Léon Tolstoï utilise le reportage à la première personne en le mêlant à la fiction pour évoquer le siège de Sébastopol, campagne de la guerre de Crimée en 1855. Si, en France, on ne s'en souvient guère que par des noms de boulevards, en Russie, c'est un moment important de l'histoire nationale et nationaliste.
Tolstoï le dit, il n'évoque pas un homme, un officier, une bataille en particulier. "Le héros de [son] récit, c'est le Vrai" : il veut restituer une ambiance, un contexte, un cadre, y compris par la fiction. Mais cela donne une dimension d'universalité à son texte, c'est une guerre, un siège, mais cela pourraient être toutes les guerres, tous les sièges.

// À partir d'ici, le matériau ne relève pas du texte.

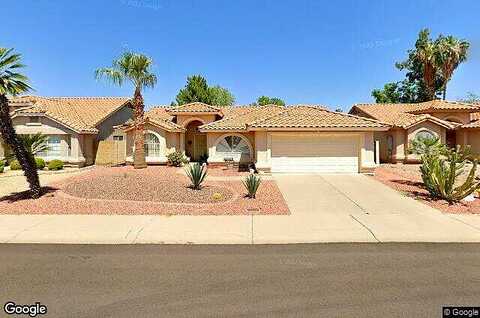 Villa Maria, PHOENIX, AZ 85032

Cependant, il y a une forme d'exaltation patriotique. Il s'agit de montrer l'enthousiasme de soldats, leur sens du sacrifice, au nom de "l'amour de la patrie". "La Russie conservera longtemps les traces sublimes de l'épopée e Sébastopol, dont le peuple russe a été le héros". Or, j'ai lu récemment que Vladimir Poutine citait beaucoup cet ouvrage dans ses discours, il l'instrumentalise donc au service de son idéologie et de sa guerre.

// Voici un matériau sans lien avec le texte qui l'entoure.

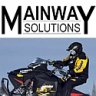 Mainway Solutions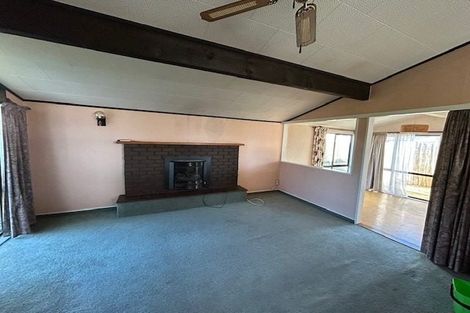 Photo of property in 23 Bennett Street, Waipawa, 4210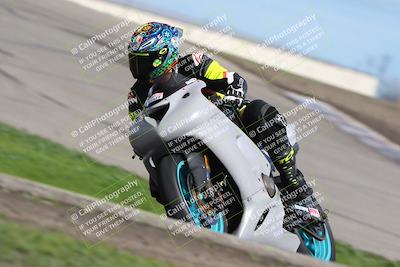 media/Feb-19-2024-Lets Ride (Mon) [[eb90a18fbf]]/Group C/1130am (Outside Grapevine)/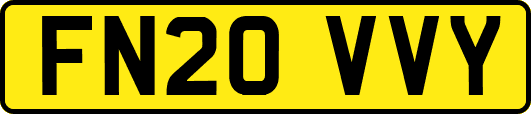 FN20VVY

Par conséquent, l'actualité récente a percuté ma lecture de ce récit du XIX ème siècle, à tel point que j'ai pu avoir des doutes sur la chronologie. L'armée impériale se bat ainsi pour Sébastopol, ville portuaire de Crimée - aujourd'hui territoire revendiqué par l'Ukraine mais sous occupation russe depuis la guerre de 2014. C'est une guerre de position, les combattants sont dans des tranchées, et subissent le feu de l'artillerie ennemie, comme pendant la Grande Guerre, comme pendant le siège de Bakhmout en cet hiver 2023. L'ennemi est indistinct, appelé d'ailleurs "lui" : c'est une menace venue de l'Occident mais qui n'a pas d'identité précise, les soldats ne distinguent que des ombres, françaises et britanniques. Or, ces Français semblent alliés aux Ottomans, ayant le même cri de guerre. Les Russes ont donc un sentiment d'encerclement, d'un conflit de valeurs - ce qui, à nouveau résonne avec notre époque.

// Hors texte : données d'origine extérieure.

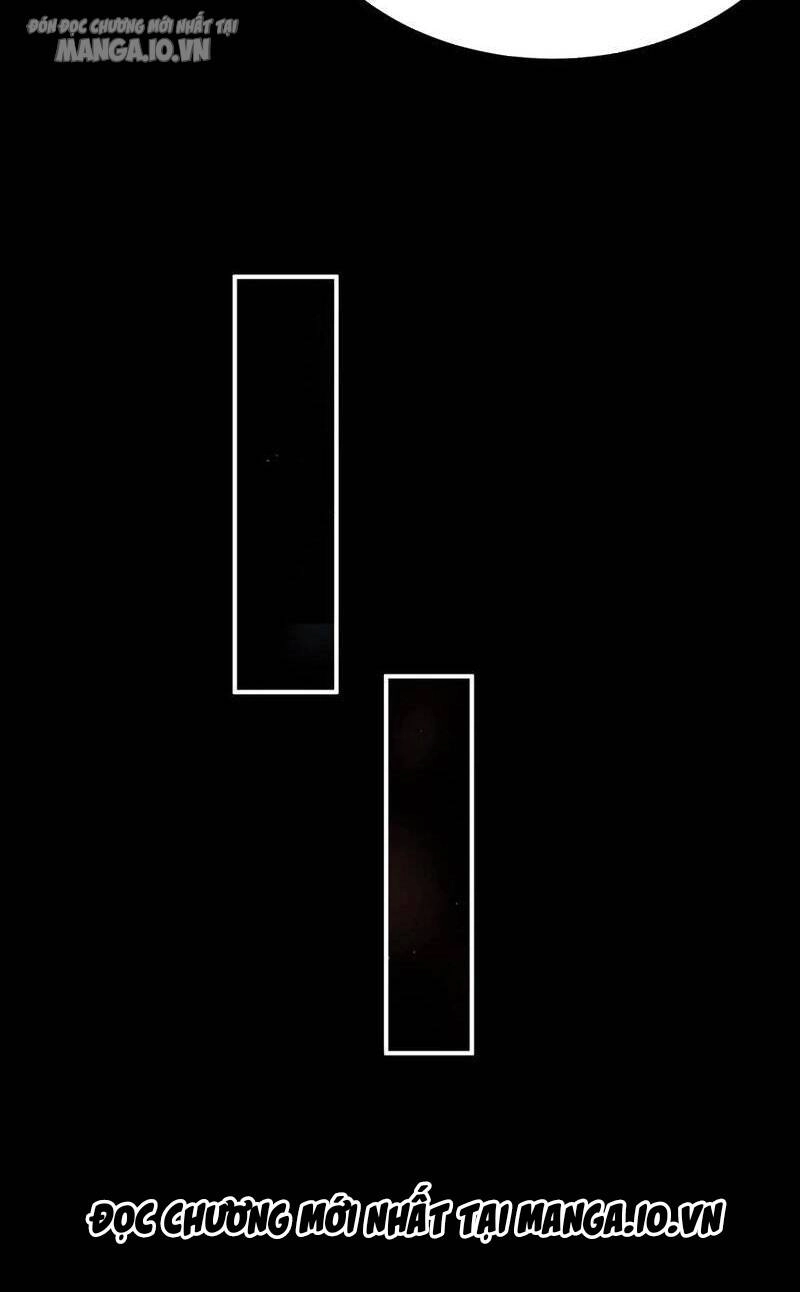 Quy Tắc Chuyện Lạ: Bắt Đầu Hóa Thân Đánh Lui Chiến Thần Chapter 120 - 29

A l'arrière, dans le premier récit en décembre 1854, la population civile la plus éloignée du front continue à vivre, avec des femmes en chapeau qui se promènent dans les rues et des officiers au café fumant et buvant. le texte oppose donc la vie quasi ordinaire de ceux de l'arrière face aux souffrances des salles d'hôpital, ou plutôt d'amputation.
Les deux autres récits se situent plus tard, et traduisent les horreurs subies par les soldats au front et les civils. Les soldats sont de la chair à canon, interchangeables, qui ne viennent que pour mourir, comme les jeunes appelés russes d'aujourd'hui. Les civils, eux, vivent sous les bombes et n'ont plus de nourriture et d'eau, souffrent du froid et de l'obscurité.
Oui, un récit assez court mais très perturbant en raison de ses liens avec notre époque.